═════ Available records

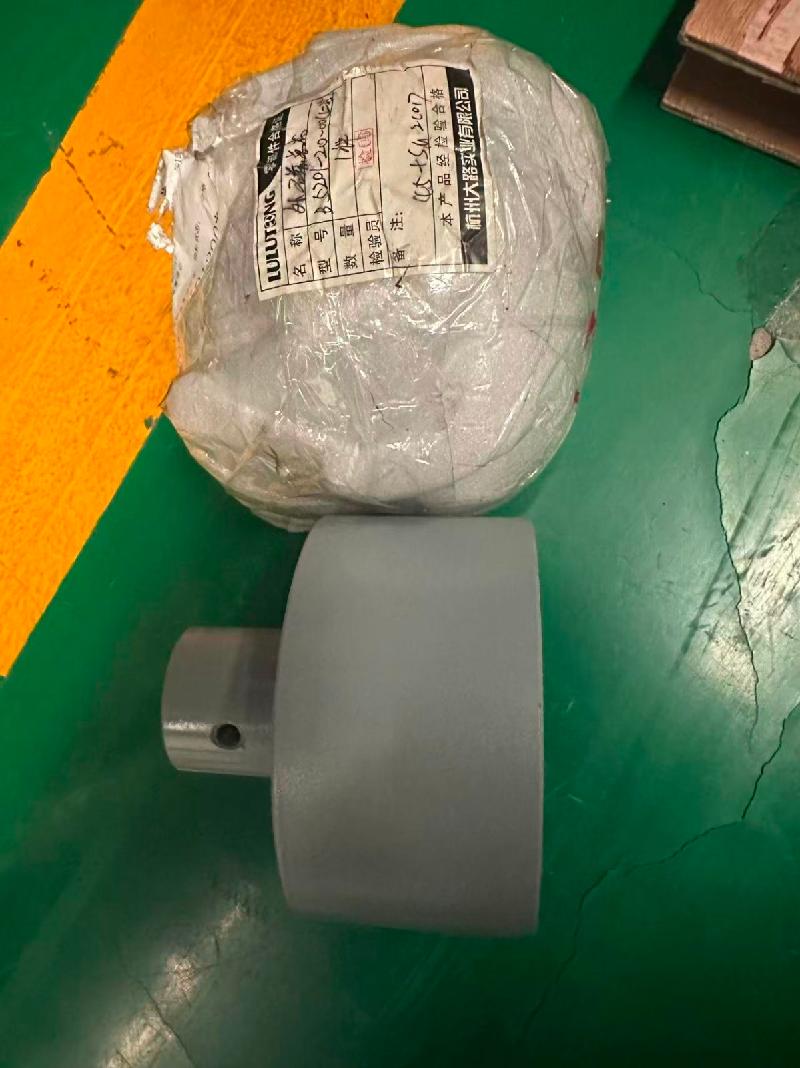 汽轮机油、泵阀配件、润滑类备件等583项闲置资产转让（中煤鄂尔多斯能源化工有限公司）(国资监测编号GR2025NM1007099-10)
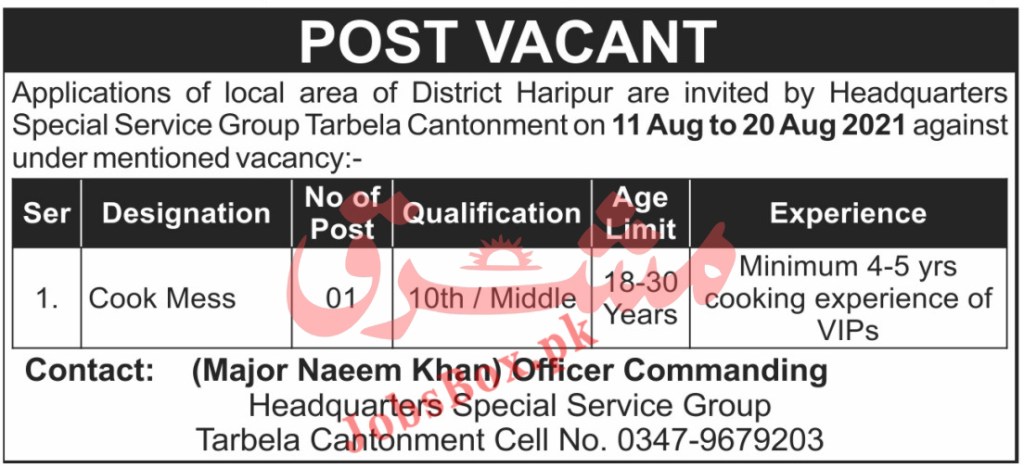 Pakistan Army Jobs Latest – 32 EME Battalion Gilgit Jobs 2021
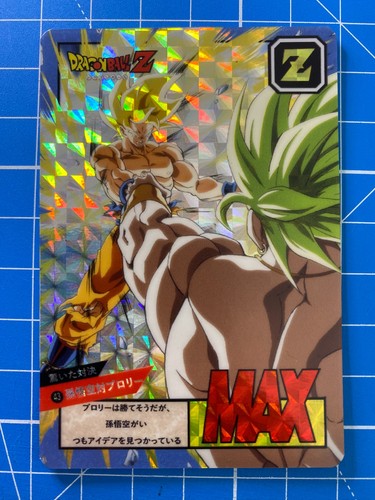 Carte dragon ball power - z,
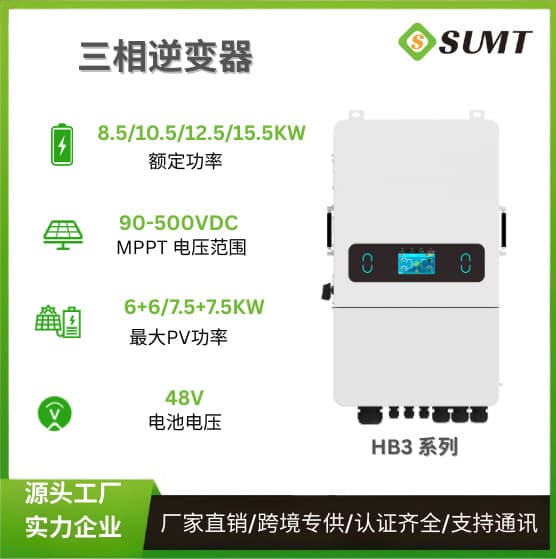 Three-Phase Solar Hybrid Inverter Anti-Backflow Grid-Tied Off-Grid Hybrid Commercial Industrial PV Energy Storage System Manufacturer
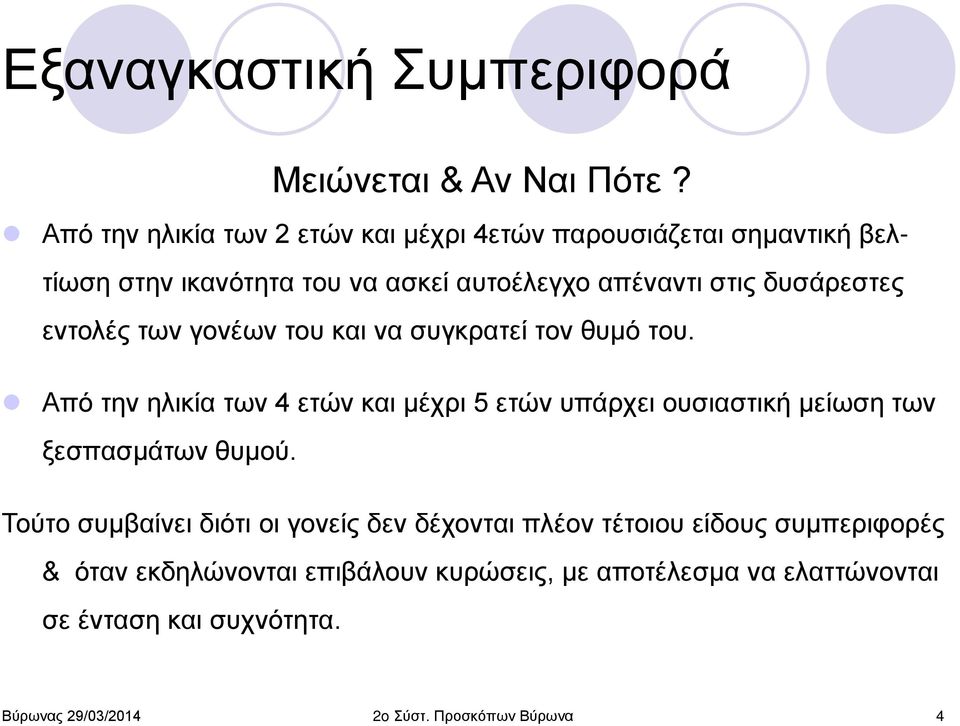 δυσάρεστες εντολές των γονέων του και να συγκρατεί τον θυμό του.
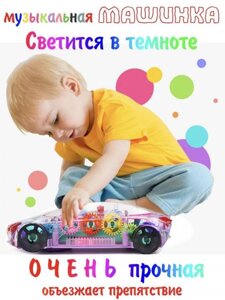 Детская машинка прозрачная музыкальная игрушка для мальчиков детей Игрушечный транспорт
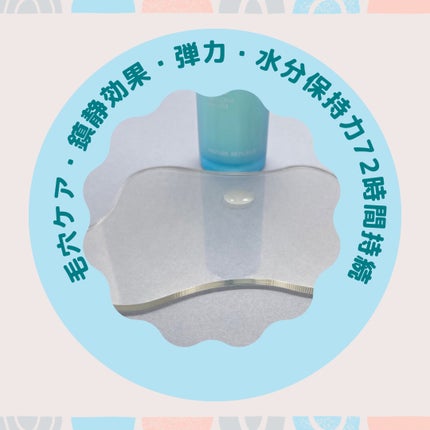 レチノールパンテノール10プロテクティブアンプル/ネイチャーリパブリック/美容液を使ったクチコミ(2枚目)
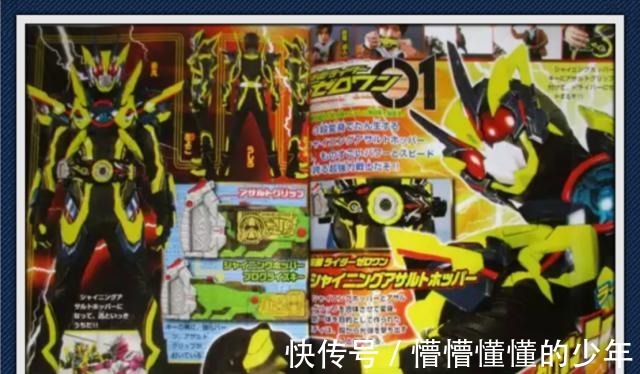 假面骑士zero-one|假面骑士01六个“蝗虫”酷炫来袭,网友眼花缭乱分不清谁是谁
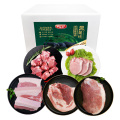 雨润(yurun) 原生态冷冻黑猪肉 288型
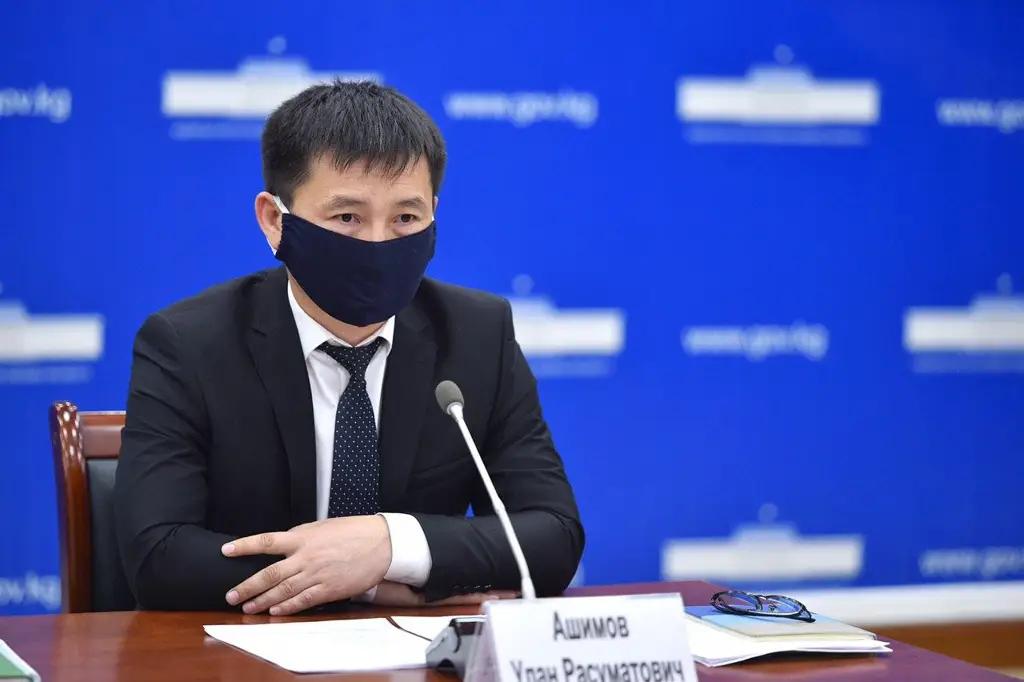 Льготы предоставляются по всем кредитам — Улан Ашимов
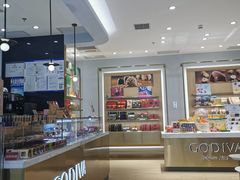 自助取餐区-GODIVA(王府井apm店)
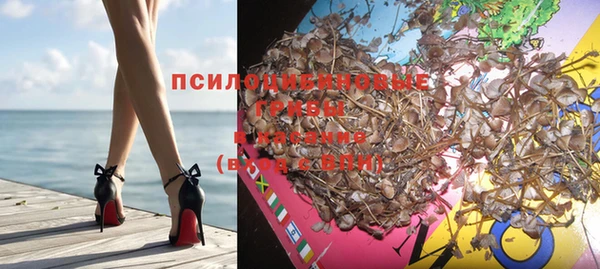 кокаин перу Дмитров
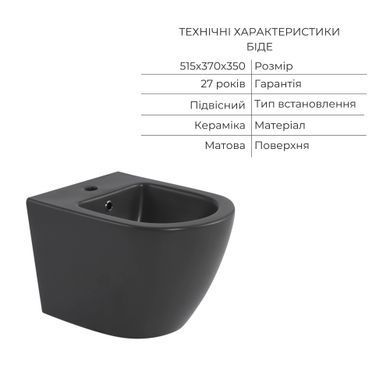 Фото Комплект Qtap Robin Anthracite 3 в 1: підвісний унітаз Ultra Quiet + біде підвісне + раковина накладна QTROBAN49157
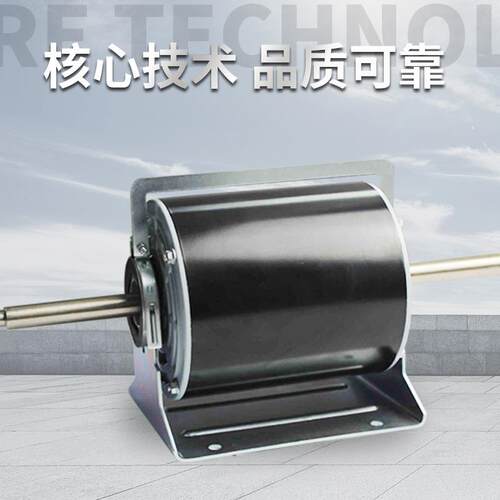 厂家直供139-B系列单相电容运转异步电动机220V/50Hz电机配件机械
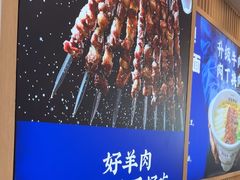-丝路伊兰·兰州牛肉面(马连道店)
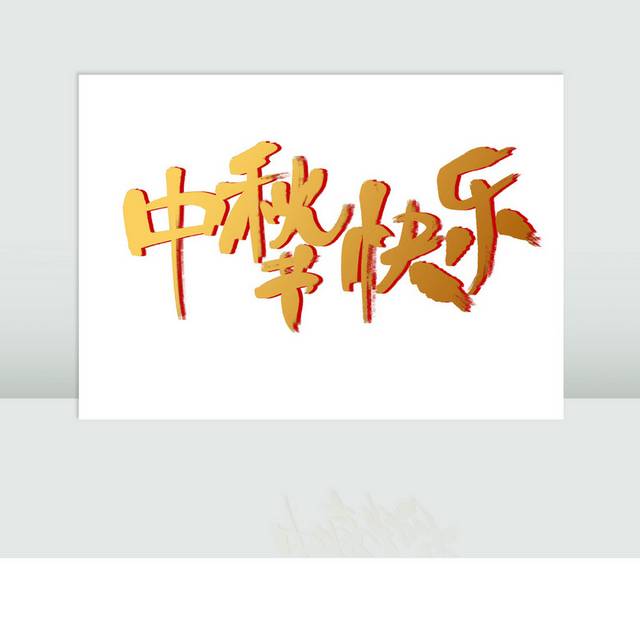 中秋节快乐书法字体
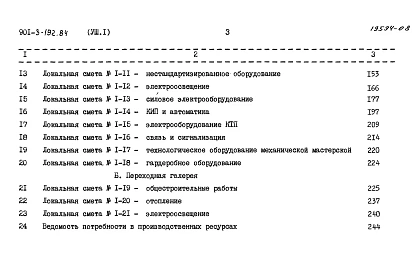 Альбом 8 Сметы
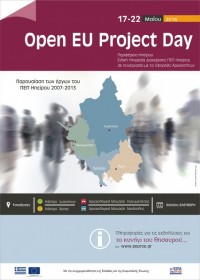 «Europe in my Region 2016» (Open EU Project Days). Έκθεση poster συγχρηματοδοτούμενων έργων από το Ε.Π. «Ήπειρος 2007-2013». Αρχαιολογικό Μουσείο Ηγουμενίτσας, 17-22 Μαΐου 2016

══════════

What is required
Write out exactly the lines that run from the top of the listing above to the line containing "雨润(yurun) 原生态冷冻黑猪肉 288型", both ends included. Omit every picture.

Answer
 汽轮机油、泵阀配件、润滑类备件等583项闲置资产转让（中煤鄂尔多斯能源化工有限公司）(国资监测编号GR2025NM1007099-10)
 Pakistan Army Jobs Latest – 32 EME Battalion Gilgit Jobs 2021
 Carte dragon ball power - z,
 Three-Phase Solar Hybrid Inverter Anti-Backflow Grid-Tied Off-Grid Hybrid Commercial Industrial PV Energy Storage System Manufacturer
 δυσάρεστες εντολές των γονέων του και να συγκρατεί τον θυμό του.
 Детская машинка прозрачная музыкальная игрушка для мальчиков детей Игрушечный транспорт
 レチノールパンテノール10プロテクティブアンプル/ネイチャーリパブリック/美容液を使ったクチコミ(2枚目)
 假面骑士zero-one|假面骑士01六个“蝗虫”酷炫来袭,网友眼花缭乱分不清谁是谁
 雨润(yurun) 原生态冷冻黑猪肉 288型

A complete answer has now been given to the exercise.